Below is my concern:
* If State TTL is enabled, consumption of state storage will be increased
* Currently, expired values are only removed when they are read out
explicitly. If we use TtlState, we should implement eager deletion mode first.
* Other limitations in State TTL mentioned
[there|https://ci.apache.org/projects/flink/flink-docs-master/dev/stream/state/state.html#state-time-to-live-ttl]
may spread to the operators support by StreamQueryConfig.
In my opinion, we can fix it first and treat the migration as a long-term plan.
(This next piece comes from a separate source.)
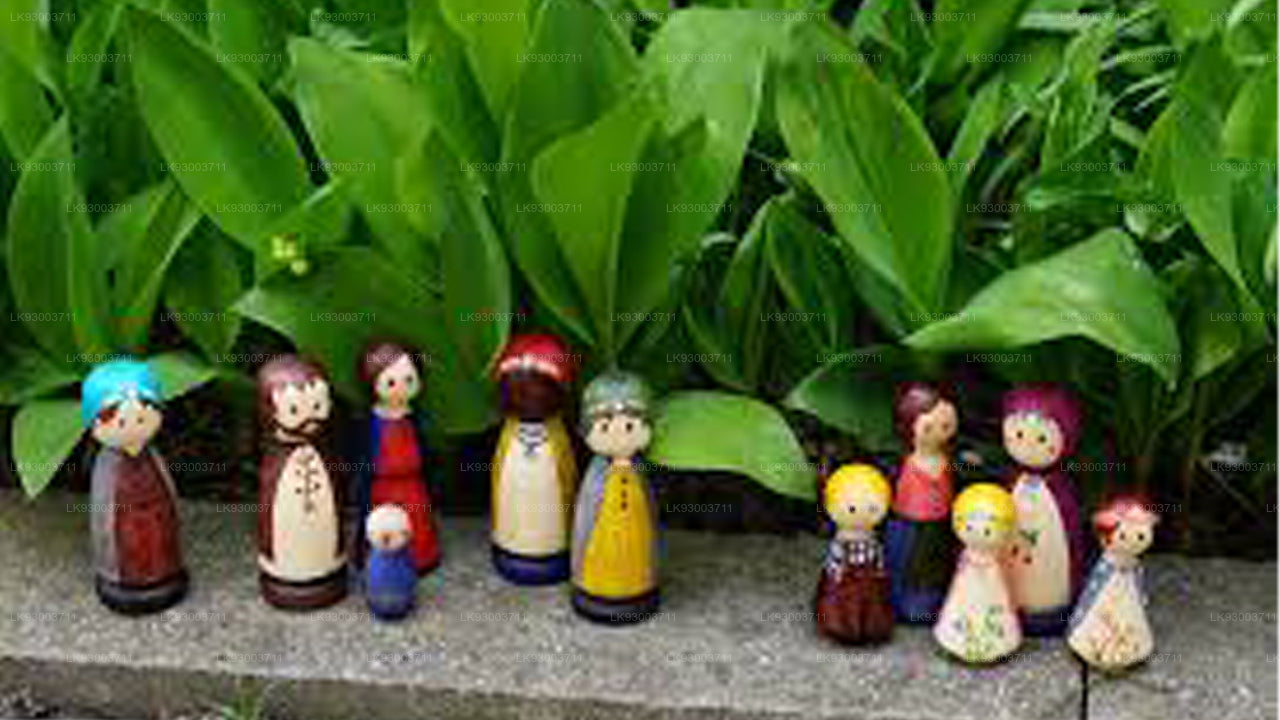 Peg Doll Painting Experience from Negombo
Besides, we need to involve [~azagrebin] into the discussion since there are
some improvements on State TTL in progress we need take into account, e.g.
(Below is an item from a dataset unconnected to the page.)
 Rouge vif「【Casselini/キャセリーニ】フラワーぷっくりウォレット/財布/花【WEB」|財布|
[FLINK-10473|https://issues.apache.org/jira/browse/FLINK-10473].
> Remove the max retention time in StreamQueryConfig
> --------------------------------------------------
>
> Key: FLINK-11172
> URL: https://issues.apache.org/jira/browse/FLINK-11172
> Project: Flink
> Issue Type: Improvement
> Components: Table API & SQL
> Affects Versions: 1.8.0
> Reporter: Yangze Guo
> Assignee: Yangze Guo
> Priority: Major
>
> [Stream Query
> Config|https://ci.apache.org/projects/flink/flink-docs-master/dev/table/streaming/query_configuration.html]
> is an important and useful feature to make a tradeoff between accuracy and
> resource consumption when some query executed in unbounded streaming data.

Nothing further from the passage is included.